As to the change of an input (box 422), such changes can be identified as compute changes (box 426A) or system changes (box 428A), and may be addressed differently depending on such identification. A compute change (box 426A) involves changes of actual or expected compute load on a system. For example, using dimensionless numbers for simplicity, a normal steady-state for a particular data center may be 100, with jobs that need to be performed immediately such as search queries or streaming video, jobs that can be delayed slightly and vary over time but by a small and generally predictable amount such as email and other asynchronous communications, and related overhead for such compute load. A monitor may identify that such activity has increased by almost 20, is fairly steady, and is trending upward—above what the model had predicted, but in a shape consistent with other daily activity for such load. Or a sub-system may submit a request for additional compute at a level of 20 that is expected take an hour to perform. In either case, this compute change will need to be addressed by the mechanical and electrical systems. Alternatively, a system change (box 428A) may be any sensed change that is not a compute change, and may include a change in ambient temperature that does not match an expected change over time that the system is currently operating under. Or it may be an indication that a BESS is low, or that a piece of cooling equipment has failed.
In response to identifying any such changes, the system may recompute and rebalance the mechanical and electrical systems to counter the changes, as shown at Boxes 426B and 428B. For example, at Box 426B, the process determines a level of mechanical load (e.g., heat) that will be generated by the new compute load (which could be higher or lower than the load the system had previously assumed for the same time period), and also a level of electrical load from the compute load (to run the computers) and the new mechanical load (to run the other equipment). At Box 428B, the system identifies adjustments to be made to address the sensed change in the system, such as looking to a model that correlates, inter alia and in the case of a change in ambient temperature, ambient weather conditions and compute loads to heat loads generated in the data center. The system may then send commands to particular devices or sub-systems so as to implement those changes. And although not shown, the process may loop back to the beginning to continue obtaining sensed measurements for the system operation, and then make future changes periodically and/or in response to particular notifications from the system.

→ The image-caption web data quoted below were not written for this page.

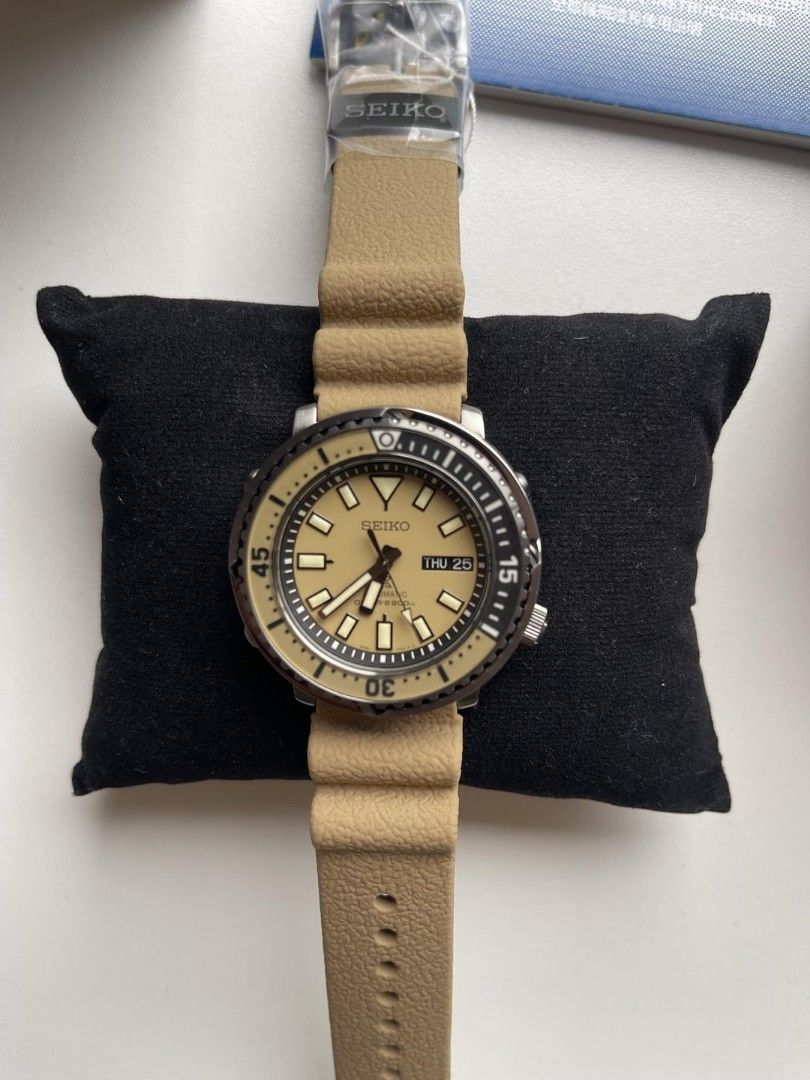 Lowest Price SEIKO PROSPEX URBAN SAFARI SRPE29 Men s Silicone Strap Brown Dial Watch srpe29 srpe29k srpe29k1 Birthday gift birthday seiko BRAND NEW IN BOX WITH 1 YEAR WARRANTY Men s Fashion Watches Ac...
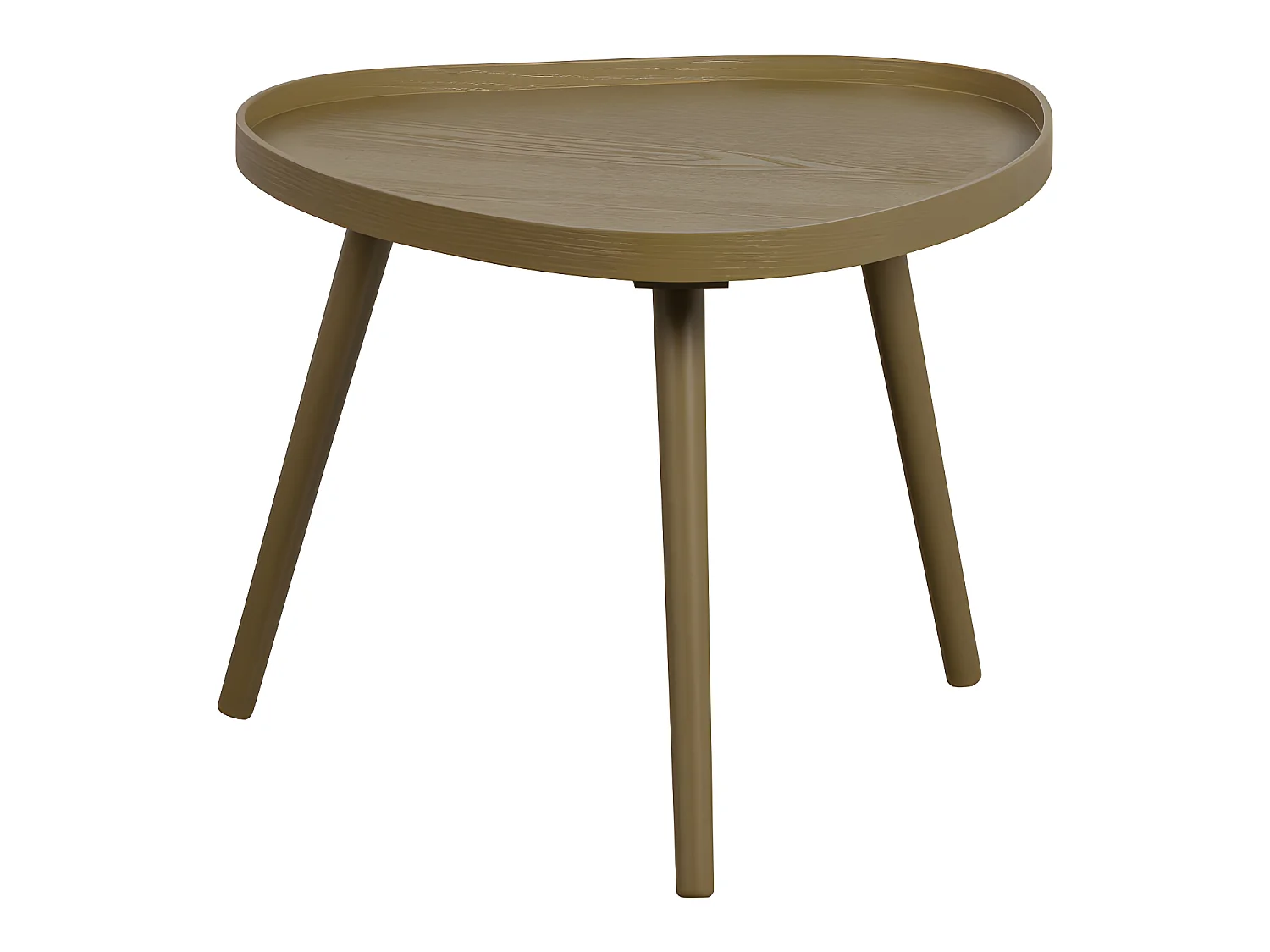 Mae - Table basse de forme organique en bois 61x40cm - Bois
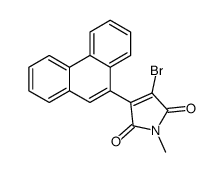 3-bromo-1-methyl-4-phenanthren-9-ylpyrrole-2,5-dione结构式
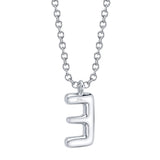 0.07CT 14K W/G DIAMOND PAVE NECKLACE - INITIAL E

Such conversions and computations as indicated by boxes 426B and 428B may initially be performed using manufacturer data for devices or testing on individual devices (e.g., putting a fully-equipped motherboard in an enclosed test environment, feeding it controlled compute loads, and measuring the heat it generates at particular loads), and then multiplying such individual computations by the number of devices expected to be deployed. Such a simplified approach or other initial approach may then be modified and enhanced over time by training a learning system with actual data measured over time from the data center or particular defined parts of the data center as measured.
In this manner, components of a data center OS may operate with registered resources, such as computing, cooling, and electrical providing devices. The data center OS may be automatically adaptable in that it may respond to changes relevant inputs in the data center, and readily determine changes in controlled devices that will be needed to keep the data center operating stably and directed to desired goals, such as minimizing electrical costs, total operating costs, or carbon generation.
Regarding changes in performance being detected (box 424), such changes could be a complete failure of a component like a chiller (box 430A) or a lagging component (432A)—a component that is still operating but not operating at a level that is expected. For a failed component (box 430A), the process may switch to another version of that type of component that can take on the load, or if that is not available, may throttle back the system (box 430B) so that whatever components are operating are able to keep up. For a lagging component (box 432A), the system can try to drive the component higher(box 432B) (e.g., set a lower chilled water cooling temperature for a chiller) or throttle back the system such as by spreading out the time that it takes to perform a scheduled compute, and thus generate less heat in the near-term.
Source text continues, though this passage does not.